The output should contain the listing word for word and no pictures.

* **Exercise data**
────────────────────
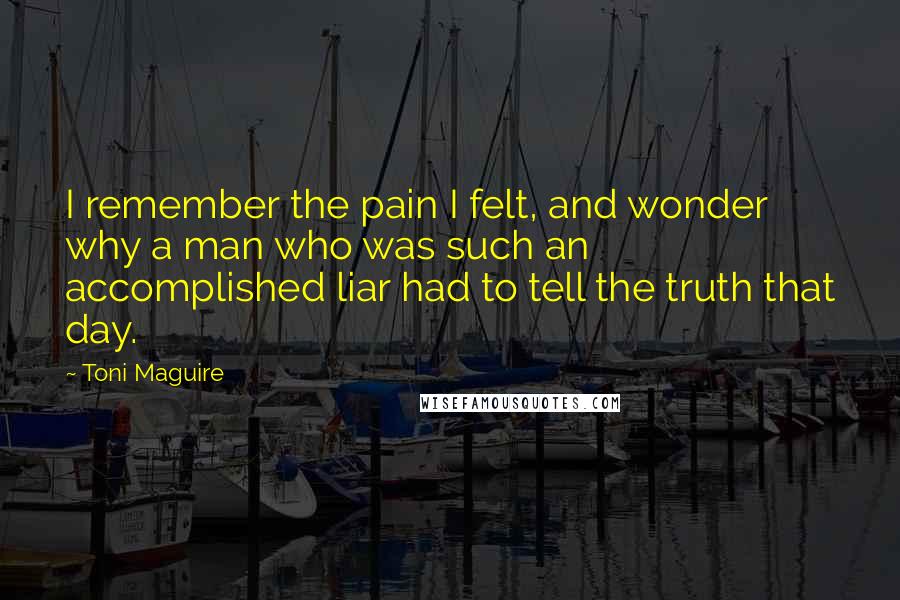 Toni Maguire Quotes: I remember the pain I felt, and wonder why a man who was such an accomplished liar had to tell the truth that day.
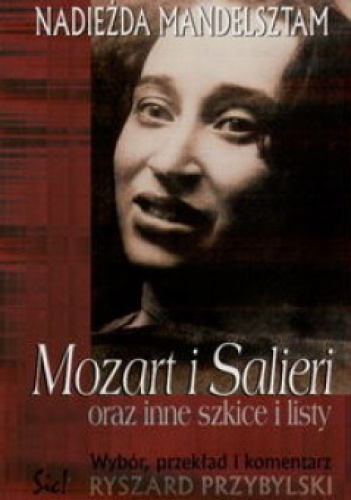 Okładka: Nadieżda Mandelsztam - Mozart i Salieri oraz inne szkice i listy
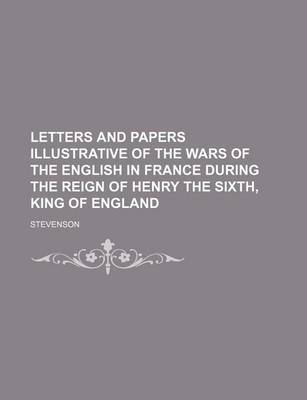 Book cover for Letters and Papers Illustrative of the Wars of the English in France During the Reign of Henry the Sixth, King of England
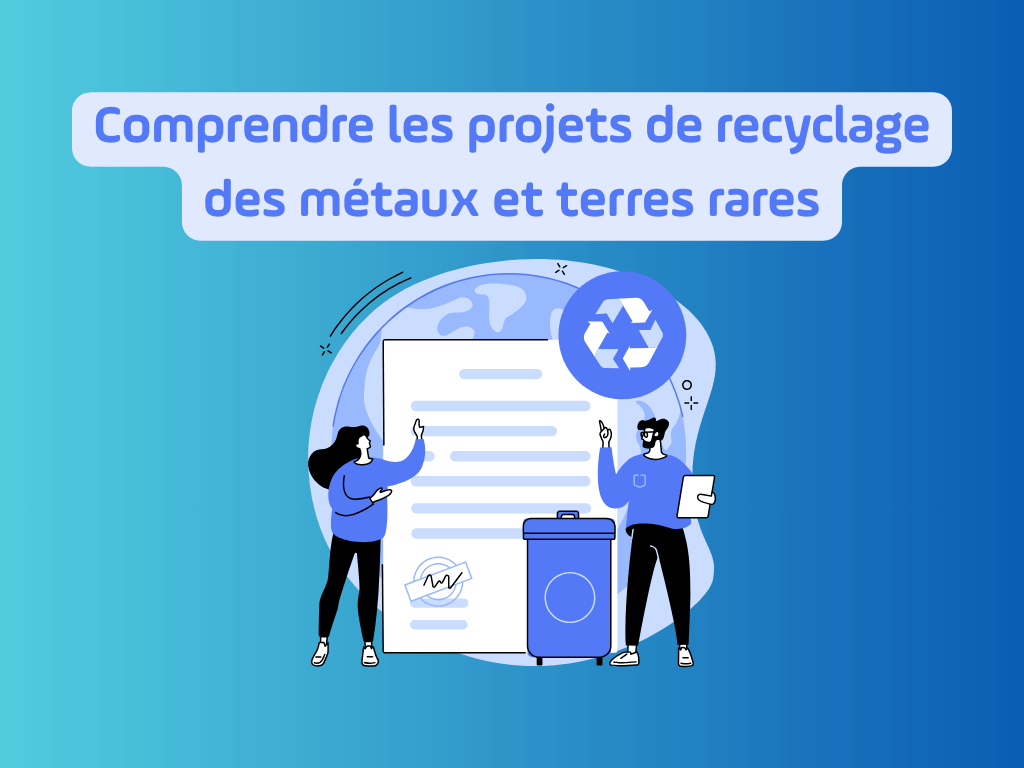 Comprendre les projets de recyclage des métaux et terres rares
────────────────────
* **Response to the exercise**
 Toni Maguire Quotes: I remember the pain I felt, and wonder why a man who was such an accomplished liar had to tell the truth that day.
 Okładka: Nadieżda Mandelsztam - Mozart i Salieri oraz inne szkice i listy
 Book cover for Letters and Papers Illustrative of the Wars of the English in France During the Reign of Henry the Sixth, King of England
 Comprendre les projets de recyclage des métaux et terres rares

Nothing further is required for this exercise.